1. Introduction

These days, the web pages we visit, frequently make requests to different servers in order to provide us with the data we see. This is called Cross-Origin Resource Sharing (CORS) and in this tutorial, we’re going to be discussing what it is, how the CORS policy is implemented in browsers, and why we have preflight requests.

2. What Is the Same Origin Policy?

Before we talk about CORS, let’s take a step back and introduce the Same Origin Policy (SOP); a default security measure in browsers that restricts how scripts from one origin interact with resources from another origin (cross-origin).

In the SOP context, we consider two URLs to be of the same origin if they have the same scheme, domain, and port number (if the URL includes a port). For example, https://www.baeldung.com and https://www.baeldung.com/about have the same origin, whereas https://www.baeldung.com and http://www.baeldung.com do not because of the difference in the scheme.

Browsers implementing the Same Origin Policy restrict website scripts served on one origin from making requests to another origin using methods such as XMLHttpRequest or the Fetch API.

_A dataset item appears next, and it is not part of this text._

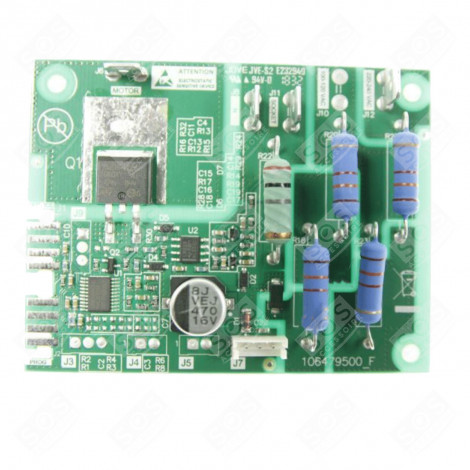 PCBA CHAMELEON 2L EA SPEED REG 230V VACUUM CLEANER  - 107409190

The Same Origin Policy was put in place as the first line of defense to protect against cross-site request forgery attacks. However, eventually, developers noticed it is useful to be able to request resources from APIs on different domains and take advantage of the functionalities provided by another party. Due to this, the CORS policy was proposed and subsequently introduced to allow cross-origin resource sharing under certain conditions. Let’s learn more about how this happens in the following section.

3. What Is CORS?

To address the need for accessing third party APIs, the CORS policy determines how scripts served by one origin can request resources on another origin. The CORS policy defines specific HTTP headers that need to be included in the request/response interaction; allowing the server to communicate which origins it will allow requests from. The browser then enforces this by allowing or preventing scripts from accessing the response.

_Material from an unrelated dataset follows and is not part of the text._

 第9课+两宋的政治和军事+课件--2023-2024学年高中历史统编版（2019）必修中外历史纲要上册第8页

When it comes to cross-origin requests, there are three types that the browser deals with:

3.1. Simple Requests

A simple request is a request which fulfills the following:

  • It is a GET, HEAD, or POST request
  • Only sends automatic User-Agent headers or CORS Safelisted Headers such as Accept, Accept-Language, Content-Language, Content-Type
  • The Content-Type header can only have the values application/x-www-form-urlencoded, multipart/form-data and text/plain
  •  Does not use a ReadableStream object
  •  XMLHttpRequest.upload does not have an event listener attached to it

Let’s take a look at the following simple CORS request initiated by this snippet of Javascript which runs on https://www.site.com:

const xhr = new XMLHttpRequest(); 
const url = 'https://www.api.com?q=test'; 
xhr.open('GET', url); 
xhr.onreadystatechange = requestHandler; 

This will generate the following exchange between the browser and https://www.api.com:

  • First, the browser sends the request with an origin header identifying the origin to the https://www.api.com server
  • The server responds with the requested data and also includes an access-control-allow-origin header set to https://www.site.com which indicates to the browser that the server allows requests from this origin
  • The browser will enforce this by allowing the requestHandler method to access the response data

We can summarise this exchange in the image below:

Simple Request

The access-control-allow-origin header is one of the main CORS headers a server can use to show what requests it will allow. The value of this header can either be a single origin to tell the browser to allow access to that specific origin, or it can be * which tells the browser to allow any origin. 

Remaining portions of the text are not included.